Quando implementados de modo correto, e desde que seja feito o seguimento e/ou o tratamento atempado dos resultados positivos detetados nos exames, os projetos-piloto apresentam resultados relevantes. E é o que se espera que aconteça em Portugal, apesar de Isabel Magalhães considerar que o projeto-piloto já deveria estar no terreno, pois a sua inexistência continua a acarretar custos, não só para quem tem a doença, como também para o SNS, com o tratamento de situações em fase avançada. Em 2022, a Pulmonale definiu, em conjunto com um painel multidisciplinar de especialistas, um projeto-piloto de rastreio que apresentou a sucessivos governos.
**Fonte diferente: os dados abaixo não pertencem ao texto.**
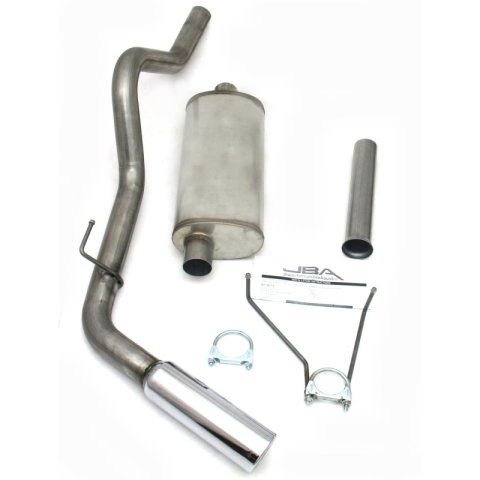 JBA 00-06 Toyota Tundra 4.7L 409SS Pass Side Single Exit Cat-Back Exhaust thumbnail 4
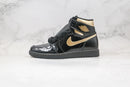 Air Jordan 1 High Black Gold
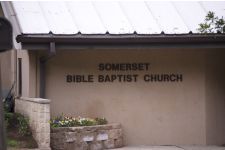 Logo for Somerset Bible Baptist Church Logo for Somerset Bible Baptist Church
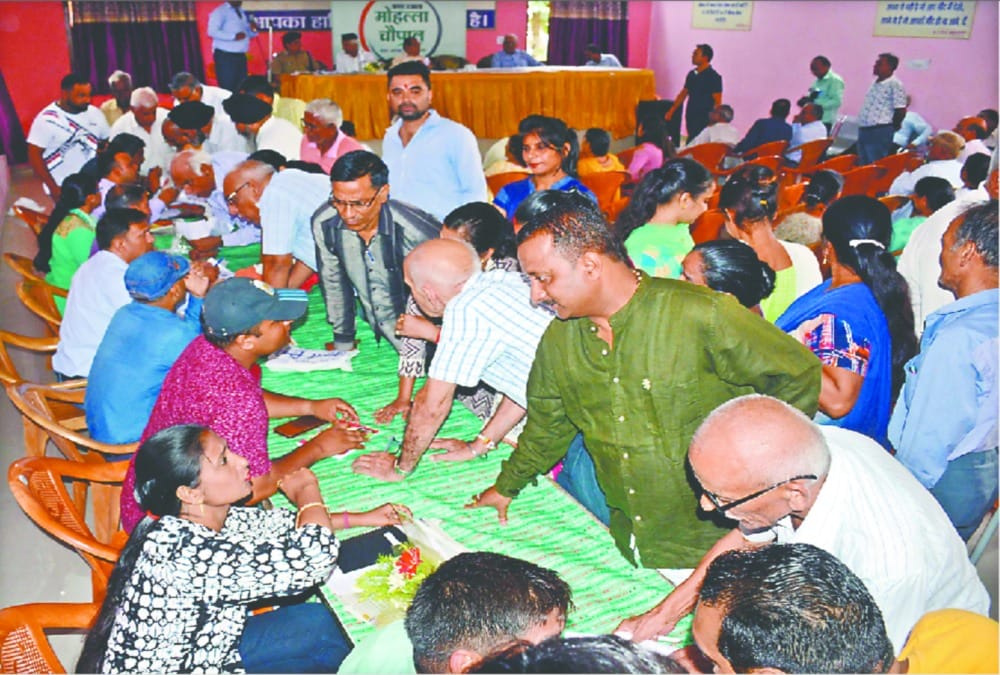 Amar Ujala Mohalla Chaupal in dehradun for public problems solution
Por isso, espera que, apesar do atraso face a inúmeros países, o Executivo avance com o projeto anunciado, nos prazos divulgados, e assegurando todos os requisitos.
Para a GECP, o rastreio é essencial para combater o cancro
De facto, serão necessários recursos humanos qualificados, que envolvam equipas multidisciplinares. Do ponto de vista tecnológico, o programa requer equipamentos, sistemas de armazenamento e análise de imagem e infraestruturas informáticas seguras, que garantam a integração, a confidencialidade e a partilha de dados. Será ainda indispensável o recurso a ferramentas de inteligência artificial.
Relativamente aos achados positivos ou suspeitos de cancro do pulmão, estes requerem integração num circuito de diagnóstico de cancro de pulmão que garanta o cumprimento dos prazos adequados para a realização dos exames necessários, assegurando o início atempado do tratamento. A avaliação e o acompanhamento das implicações dos achados incidentais encontrados na TCBD, não relacionados com cancro do pulmão, exigem protocolos claros, para evitar ansiedade desnecessária ou carga extra para o sistema.
Outro aspeto essencial é uma comunicação eficaz com a população. A adesão dos cidadãos, o seu conhecimento dos riscos e benefícios do rastreio e a decisão partilhada com o profissional de saúde serão fatores críticos. Os centros selecionados para projetos-piloto deverão garantir todos estes recursos, bem como o acesso e a colaboração de todos os intervenientes necessários.